We're at 180 mg/mL with similar viscosity to lebrikizumab, which capped out at 125 mg/mL. For 990, we'll have data in the first half of this year. For 808, we read out data towards the end of last year showing similar improvements. So I think we have spent the time. We've always made the story sound simple, which in hindsight, we've almost made it sound so simple that people think anybody can do it. We are in the lead. We've raised a significant amount of capital to continue going as quickly as we can and execute so that we are further building that lead. And I will just say too that when you look at all the fire sale, the innovation out of China, I think that all that innovation, one, none of it should have come as a surprise.

There were public disclosures of all those assets for at least the last two to four years. Many of the, we look confidentially at a lot of those assets. But all of the assets that have been funded and spun out or acquired by pharma, those were all on their pipeline pages or with IP. Totally get that investors are short on time and don't have the ability to actively monitor the China scene. But none of that was shocking. I think what was shocking was the market reaction, but it's just a pendulum. It'll swing back, and then two years from now, something else will happen, and it'll swing back the other way. What we know and believe is that nobody has our pipeline. You can't replicate that. And we are about to have phase II data and are years ahead, and we'll continue to build that lead.

Seamus Fernandez
Biopharma Analyst, Guggenheim Securities

Great. So Carl, I'm going to turn to you for the question around phase II data. Obviously, we've seen a lot of variability in atopic dermatitis clinical trials, particularly as it relates to the placebo response. And also, there are different endpoints that investors tend to focus on, right? There's the EASI-75. There's the EASI average, sort of the mean EASI score reduction. But then there's IGA 0/1. Maybe you can just start with, OK, what is Apogee doing to maximize the likelihood of success in your phase II study?

Carl Dambkowski
CMO, Apogee Therapeutics

Yeah. No, thanks. We're excited. Our Guggenheim press release earlier this week, we finished enrolling part A of the study, over-enrolled it by a little over 10% to 123 patients, finished enrolling in that study, and then we started part B of the study too, less than a week between those two, so we're really trying to be operationally seamless as we go from phase II- A to phase II- B. In terms of what we've done in the trial, I think we've thought from the beginning really rigorously about how to make sure we optimize for a probability of success and a really good readout. I think we've thought about it across four different dimensions. One is country selection, make sure we have a good mix of countries.

Two is site selection, making sure we're extremely rigorous about the sites we include, regardless of where they are in terms of countries, to really get specialist sites that can produce really good data. Third is protocol design and IE criteria, and being really stringent about what we call the right patients. So these are moderate to severe AD patients that are most likely to benefit from treatment.

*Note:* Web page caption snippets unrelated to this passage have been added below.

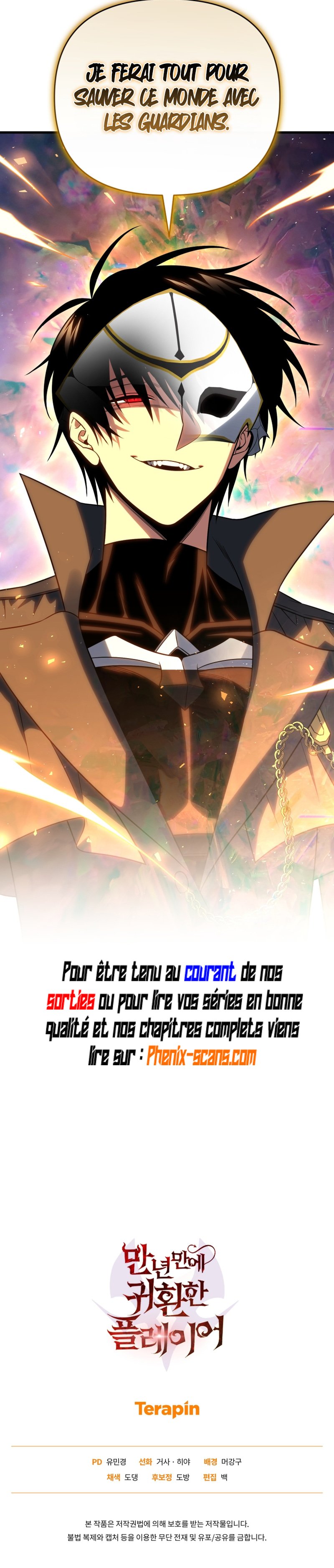 Read Player Who Returned 10 000 Years Later FR Manga Online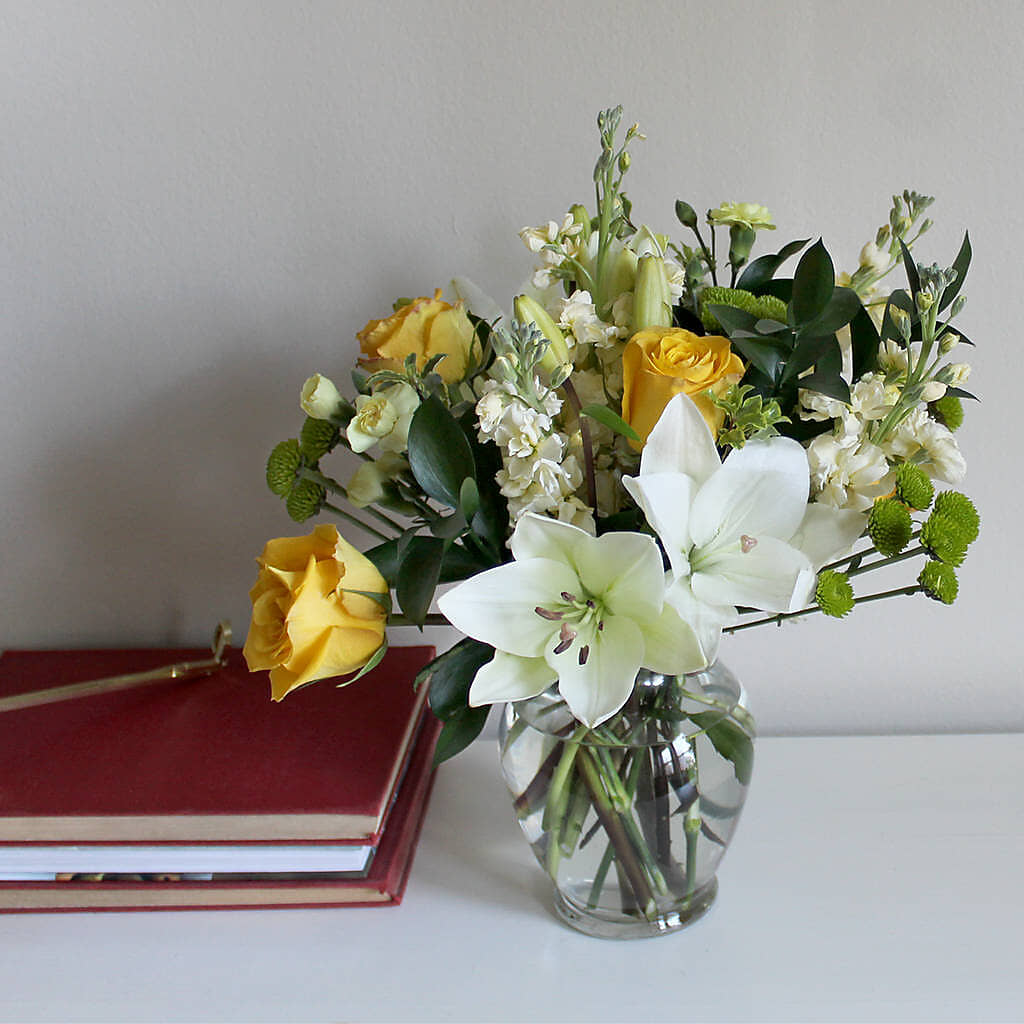 Hope & Serenity Bouquet –  Flowers From The Heart Auburn, Auburn MI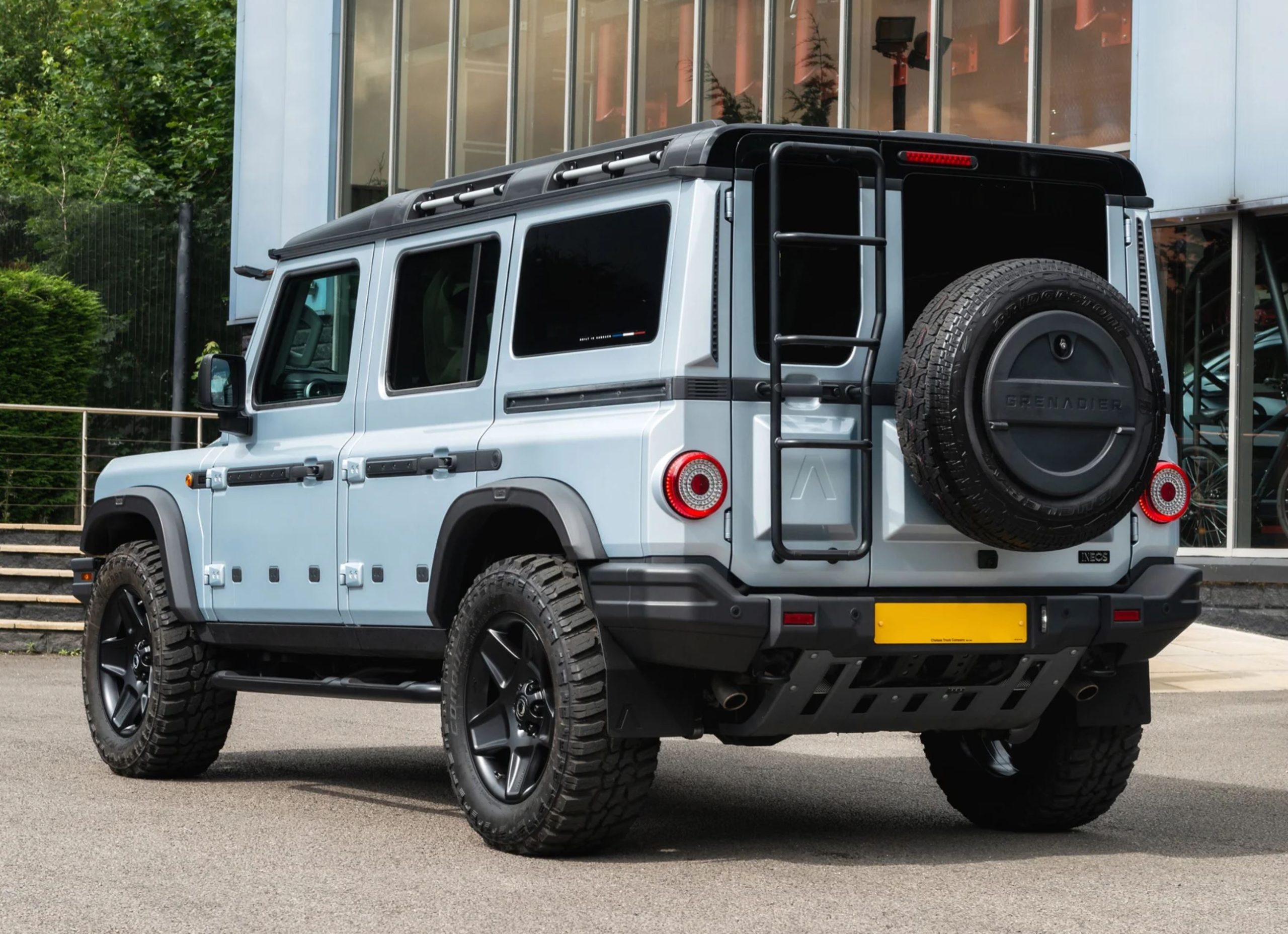 Ineos Grenadier Extra Wide Package 1 Matte Black Rs Forged Wheels Australia Expedition Hq 6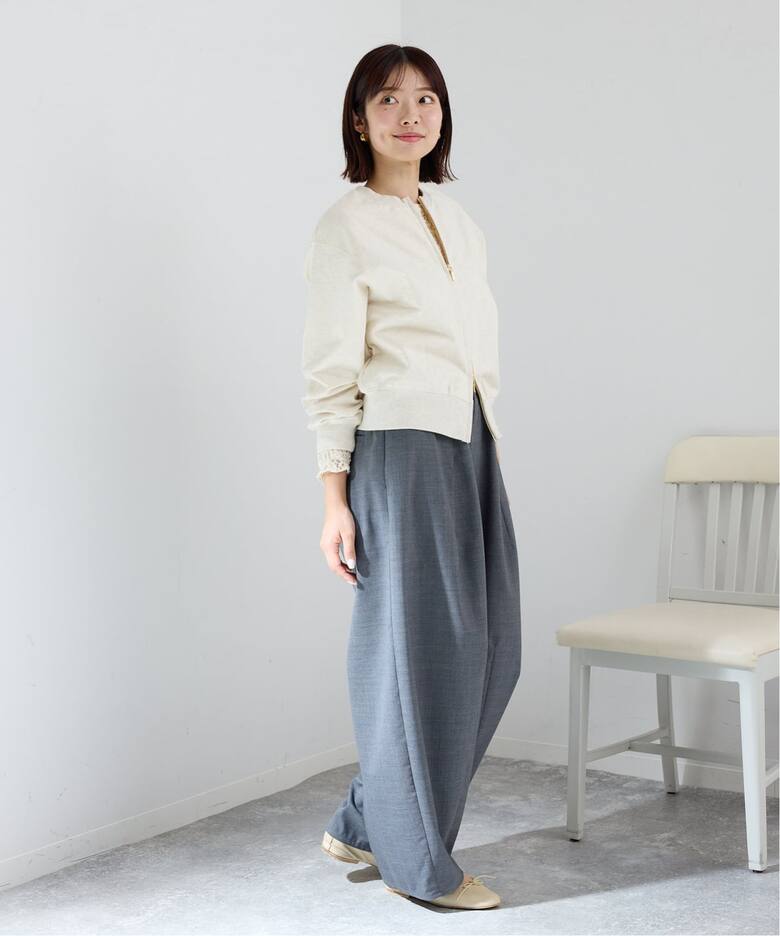 ジップオープン2WAYスウェットプルオーバー  詳細画像26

And then finally, I think it is, I'll just say, a lot of oversight and scrutiny of sites, including everything from how we take photographs at baseline of every patient enrolled in a study, limiting the number of patients that are enrolled at every site too so we don't have kind of one outlier site swinging things one way or the other. I guess you could also just call that our big brother site. We are, if nothing, on top of these sites and making sure that they're aligned with us in the way that we want this trial to look.

Seamus Fernandez
Biopharma Analyst, Guggenheim Securities

Great. That's super helpful. And in terms of just the monitoring of the study, I know that's been something that's called out by a number of companies and investigators in this space. I guess if you can answer it, is there a frequency of sort of problematic patients that are offered, where you have a 10% rate of sort of patients that have a baseline photograph, and you say, nope, I don't even think that's atopic dermatitis? Is that something that happens very frequently?

Carl Dambkowski
CMO, Apogee Therapeutics

Yeah. I think that one, for us, it's about partnerships with the sites really early on to make sure that we're aligned with them. And then I think that things always come up during conduct of the study, whether it's photographs or data entry or things along the way that we're constantly having to problem solve. For us, again, it's all about oversight and early relationship building with the sites. So the leads of that study, we have two board-certified dermatologists leading the study. So they have not only the expertise and knowledge to have the correct oversight, but can have the right discussions with dermatologists as well on it.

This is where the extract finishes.